What Cannot Be Replicated
So here, at the end of the logic, is what's actually left when everything else is abundant.
Not gold. Not compute. Not physical dominance.
What cannot be replicated is human judgment about what matters. The ability to look at a landscape of possibilities and recognize, ahead of the market, ahead of the crowd, which problems are worth solving and in what order. This is not a technical skill. It is something closer to wisdom: the pattern recognition that comes from years of building things, getting things wrong, understanding why they went wrong, and iterating with that understanding intact.
What cannot be replicated is taste. The capacity to distinguish between the technically possible and the humanly meaningful. AI can generate infinite solutions. It cannot tell you which ones matter. That determination requires a person who has lived enough to know the difference.
What cannot be replicated is credibility, the trust that accumulates when your judgment has proven reliable across time. You cannot automate trust. You cannot prompt-engineer your way into a track record. Credibility is earned slowly and lost quickly, and it is irreducibly personal.
These are the scarce resources of a post-scarcity world. The social hierarchy will not disappear, nothing in human nature suggests it could. But the axes of competition will shift from what you own to whose judgment people follow. From the accumulation of material resources to the cultivation of human trust.
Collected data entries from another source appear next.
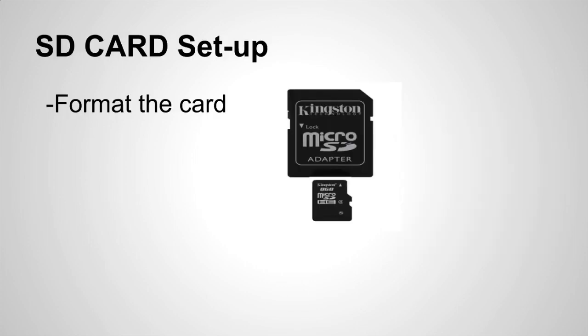So the first thing you want to do is get you an SD card micro SD card whatever you want to do and format the card. Now I'm not going to show you how to format a card for Windows PC but I will show you how to format a card using the Mac.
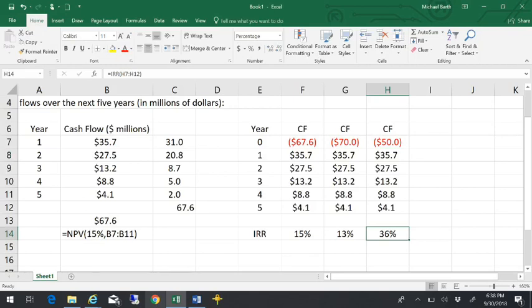So NPV and IRR are two methods that we use to evaluate investments.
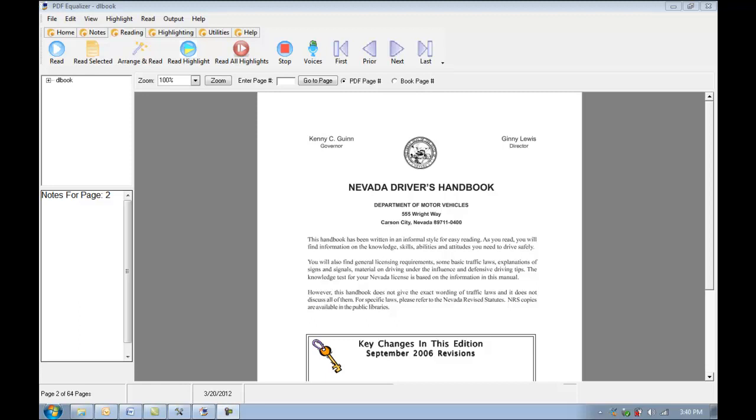Hi and welcome back to Premiere Literacy's tutorial on PDF Equalizer. In this video we're actually going to show you how to make an MP3 from a PDF file. This could be very useful for converting your book or highlights that you've made into MP3 format so you can take the important parts or your whole book with you.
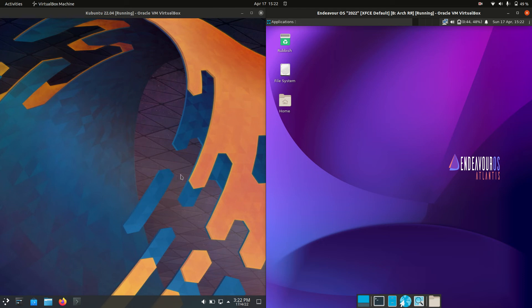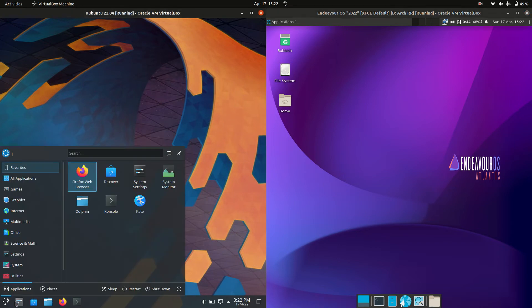Good day YouTube. Today I'm doing just a quick fun RAM comparison video between Kubuntu 22.04 on the left versus EndeavourOS version 2022 on the right, as you can see there.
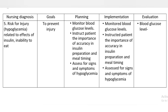Nursing Diagnosis 5: Risk for injury — hypoglycemia — related to effects of insulin and inability to eat. Goal: to prevent injury. Planning and Implementation: monitor blood glucose levels, instruct patient on the importance of accuracy in insulin preparation and meal timing, assess for signs and symptoms of hypoglycemia. Evaluation: blood glucose level to be evaluated.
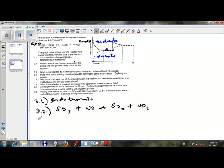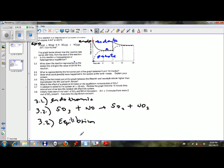Moving on to 3.3: what is represented by the horizontal part of the graph between 5 and 10 seconds? When the graph is flat, it does not mean that the reaction is finished. Rather, it means that equilibrium has been established. This represents the equilibrium between 5 and 10 seconds. An equilibrium reaction means the forward reaction and the reverse reaction are both happening, and the horizontal line tells us that both are taking place at the same rate.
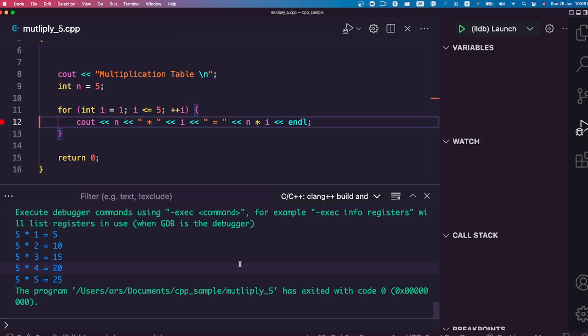Quick summary: we checked that we had the right dependencies on Mac — g++, clang, and VS Code installed with 'code' on PATH. We created a sample directory, added C++ code, and learned we need two extensions: the mandatory C++ extension and the optional C++ Extension Pack. We ran the code without debugging, then set a breakpoint and ran with debugging to see how it helps. If you have any questions, let me know in the comments. Hope this video helps — see you in the next one!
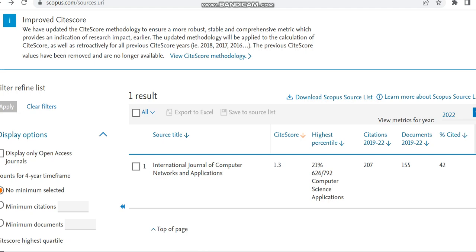Hello all, today in this video I'm going to provide details regarding a Scopus indexed paid journal. I'm moving this journal from the Scopus preview page to confirm that this journal is in Scopus while I'm making this video.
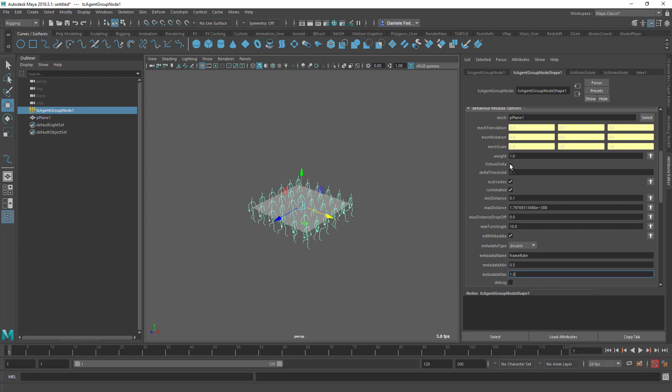Another thing that you can do is that you can also follow a delta. So at the moment each agent is following each vertex of the mesh, is pointing to each vertex of the mesh. But if you do follow delta, we'll actually follow the delta of each vertex, so it's actually the position difference between one frame and the previous frame.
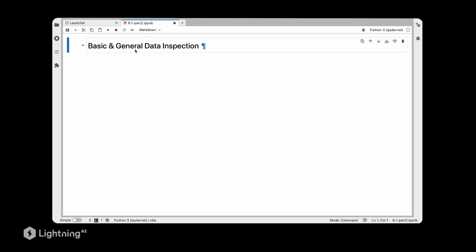We just learned about model checkpointing and early stopping. Let's take a look at a concrete code example. Since we are working with a new dataset, we will start with a preamble and inspect our dataset. In this notebook we are going to inspect the dataset first, and then in the next notebook we are going to train a model using checkpointing as discussed in the slides.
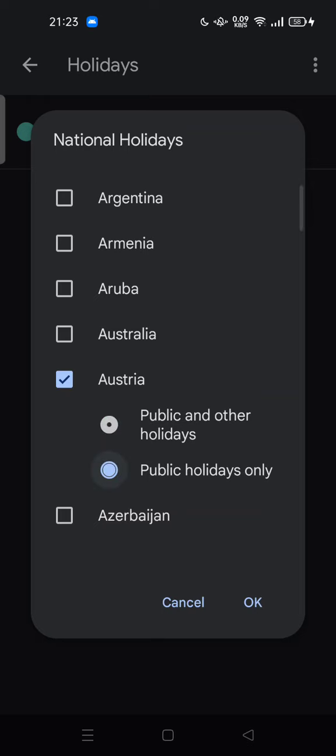So this is how you can change holidays from another country in Google Calendar. Feel free to try. Thank you for watching. Don't forget to comment, like, and subscribe, and also click the bell button below. See you in the next video.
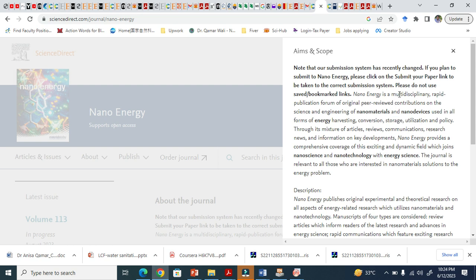All these things they can publish here, you see, nano science, nanotechnology. This is basically multi-disciplinary, it takes paper related to multi-discipline. So this was all about the aim and scope that you must read, must very, very important that you read the scope of the journal before submission.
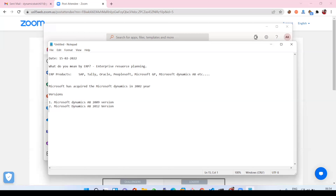After the 2009 version, they introduced another version called Microsoft Dynamics AX 2012. After the 2012 version, they introduced Microsoft Dynamics D365, which is the latest version. So let's try to understand what is the 2009 version, what is 2012, and what is D365.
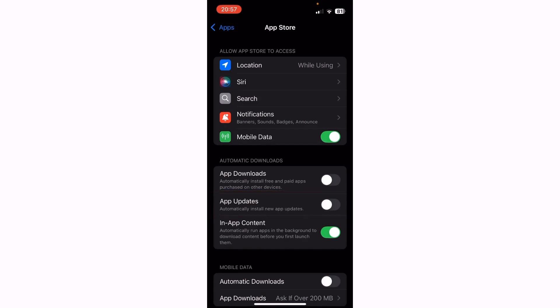Currently, as you can see, the slider is turned off. Tap it to turn it on.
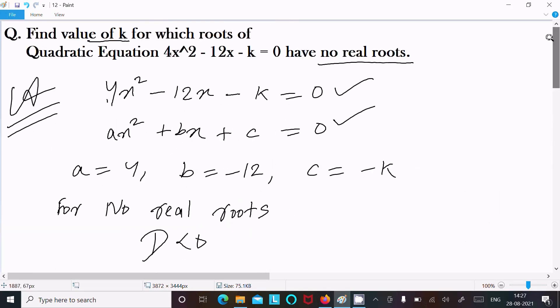So this is the way we can find the value of k. This video is now over. Thanks for watching, see you in the next video.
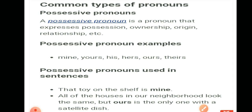Humara next pronoun hai interrogative pronoun. Sari pronouns ko yaad rakhne ki zaroorat nahi hai — once you understand the concept and examples, you can easily identify them. By reading the sentence, you have to point out or identify which kind of pronoun it is — this type of activity comes in exams. So, this, that, these, those — ye jitnay bhi pronouns hain, ye sab demonstrative pronoun ke category mein aate hain.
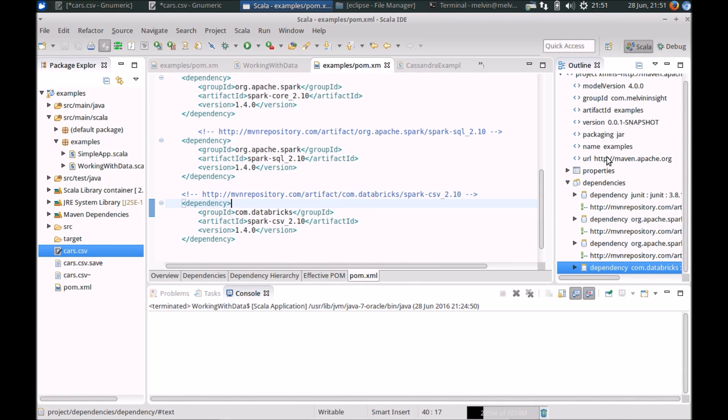Hi everyone, continuing on with a series of working with data. In this video we'll take a look at how you can load CSV data using Apache Spark.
And in that shift, there is a possibility, not a guarantee, but a possibility — that the hierarchy becomes more meritocratic in the deepest sense. Wisdom can't be inherited. Taste can't be purchased. Credibility has to be built, one decision at a time, in public.
Whether we design the transition to surface those qualities, or whether we allow the wealthy to cement a new aristocracy of artificial scarcity before the transition completes, that is the political and philosophical challenge of the next fifty years.
The question isn't whether humans will keep competing. They will. The question is what we decide is worth competing for.